L’histoire du Rocher n’est pas celle d’une abondance naturelle, mais celle d’une initiative portée par Djamel Laghouati, ancien émigré algérien revenu s’installer dans la région. Depuis 2022, le projet pilote de réutilisation des eaux épurées issues de la station de traitement de Sidi Bel-Abbès a permis de transformer ce qui était considéré comme un déchet en une ressource agricole à part entière. Chaque jour, près de 3 000 m³ d’eau sont ainsi réinjectés dans le circuit agricole, contribuant à préserver les nappes phréatiques tout en assurant la viabilité des cultures.
Les situations observées à Ténira et au Rocher illustrent deux modes distincts de gestion de la ressource hydrique. Dans la plaine de Ténira, la multiplication des forages profonds et des bassins de stockage privés a entraîné une surexploitation de la ressource, au point de provoquer l’assèchement de puits collectifs et une dépendance accrue aux camions-citernes pour l’approvisionnement en eau potable. À l’inverse, Le site du Rocher suggère qu’une eau traitée et maîtrisée peut, dans certaines conditions, répondre à une partie des besoins agricoles.

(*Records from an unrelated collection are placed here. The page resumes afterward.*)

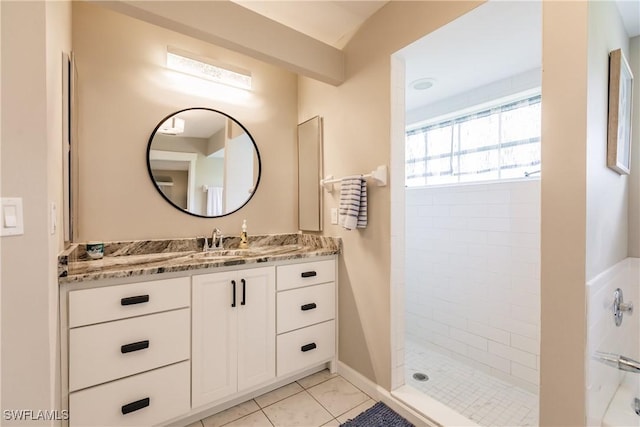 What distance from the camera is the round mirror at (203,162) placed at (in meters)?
1.98

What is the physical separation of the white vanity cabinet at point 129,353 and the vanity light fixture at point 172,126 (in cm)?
109

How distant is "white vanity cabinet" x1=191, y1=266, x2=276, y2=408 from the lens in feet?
5.08

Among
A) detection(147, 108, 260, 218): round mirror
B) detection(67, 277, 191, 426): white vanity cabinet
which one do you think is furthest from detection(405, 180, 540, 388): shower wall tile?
detection(67, 277, 191, 426): white vanity cabinet

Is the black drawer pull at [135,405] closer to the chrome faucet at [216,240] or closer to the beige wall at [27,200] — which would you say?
the beige wall at [27,200]

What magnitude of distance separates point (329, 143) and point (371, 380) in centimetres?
170

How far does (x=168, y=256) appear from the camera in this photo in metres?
1.79

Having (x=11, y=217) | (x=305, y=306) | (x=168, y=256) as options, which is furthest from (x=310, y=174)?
(x=11, y=217)

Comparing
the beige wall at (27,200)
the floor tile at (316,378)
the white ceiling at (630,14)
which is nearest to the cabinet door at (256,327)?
the floor tile at (316,378)

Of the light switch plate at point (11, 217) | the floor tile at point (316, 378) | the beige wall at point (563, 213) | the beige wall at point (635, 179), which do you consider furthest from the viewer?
the floor tile at point (316, 378)

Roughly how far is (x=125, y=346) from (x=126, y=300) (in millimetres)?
214

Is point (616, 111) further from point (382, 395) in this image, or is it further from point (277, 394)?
point (277, 394)

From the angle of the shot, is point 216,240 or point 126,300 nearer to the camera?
point 126,300

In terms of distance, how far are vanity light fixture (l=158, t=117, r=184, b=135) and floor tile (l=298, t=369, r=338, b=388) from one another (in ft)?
6.41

Comme le souligne M. Djebbar : « Nous avons une ressource abondante, traitée, disponible toute l’année, parfaitement utilisable pour l’agriculture, et nous la rejetons dans la nature alors que des communes entières manquent d’eau pour boire. » Les chiffres confirment ce paradoxe : plus de 36 000 m³ d’eaux épurées sont traités chaque jour à Sidi Bel-Abbès, soit près de 15 millions de mètres cubes par an, un volume qui pourrait irriguer jusqu’à 1 500 hectares de terres agricoles s’il était pleinement valorisé.

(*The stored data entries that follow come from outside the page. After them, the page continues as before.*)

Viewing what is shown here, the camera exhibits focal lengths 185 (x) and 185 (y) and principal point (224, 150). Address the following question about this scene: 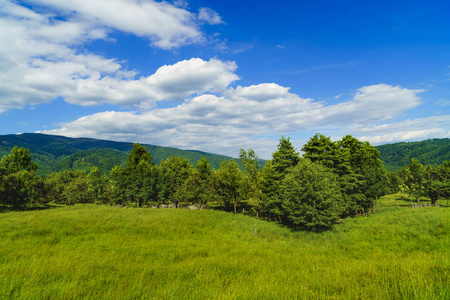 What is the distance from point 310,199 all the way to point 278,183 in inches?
373

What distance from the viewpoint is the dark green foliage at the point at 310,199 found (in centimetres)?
2447

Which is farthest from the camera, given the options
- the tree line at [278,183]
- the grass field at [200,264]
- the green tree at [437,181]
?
the green tree at [437,181]

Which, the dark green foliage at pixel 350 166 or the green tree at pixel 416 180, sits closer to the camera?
the dark green foliage at pixel 350 166

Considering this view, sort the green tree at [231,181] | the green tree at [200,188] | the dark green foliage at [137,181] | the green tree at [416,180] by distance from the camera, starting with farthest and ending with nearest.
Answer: the green tree at [416,180] → the dark green foliage at [137,181] → the green tree at [200,188] → the green tree at [231,181]

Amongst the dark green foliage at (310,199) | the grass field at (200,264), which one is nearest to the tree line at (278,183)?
the dark green foliage at (310,199)

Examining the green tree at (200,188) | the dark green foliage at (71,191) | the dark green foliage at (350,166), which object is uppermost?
the dark green foliage at (350,166)

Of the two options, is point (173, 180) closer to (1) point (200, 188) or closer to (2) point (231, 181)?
(1) point (200, 188)

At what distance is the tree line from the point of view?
26406 mm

Le contraste entre les deux territoires est saisissant. D’un côté, Ténira voit ses nappes s’épuiser sous l’effet de prélèvements intensifs ; de l’autre, Le Rocher démontre qu’une eau déjà disponible, traitée et renouvelable peut répondre durablement aux besoins agricoles. « Seuls 3 000 m³ par jour sont aujourd’hui utilisés pour l’irrigation d’un verger de nectarines, avec des résultats très satisfaisants », précise M. Djebbar, qui souligne le potentiel encore largement inexploité de ce modèle.
Le Rocher, un verger irrigué par l’innovation
Dans les vergers du Rocher, l’eau qui alimente les systèmes d’irrigation a suivi un parcours rigoureux. Collectée dans les réseaux d’assainissement de Sidi Bel-Abbès, elle est traitée à la station d’épuration avant de subir un traitement complémentaire par ozonation. Cette technologie, développée dans le cadre de travaux menés par l’université Djillali Liabès de Sidi Bel-Abbès, permet d’éliminer les agents pathogènes et les composés indésirables sans laisser de résidus chimiques.
Le procédé, expérimenté avec succès à la station de Moulay Slissen, repose sur l’injection d’ozone, un oxydant puissant qui se décompose rapidement en oxygène. Il garantit ainsi une qualité sanitaire compatible avec l’irrigation agricole, tout en préservant les sols et les cultures. Les résultats obtenus montrent une amélioration significative des paramètres physico-chimiques de l’eau traitée.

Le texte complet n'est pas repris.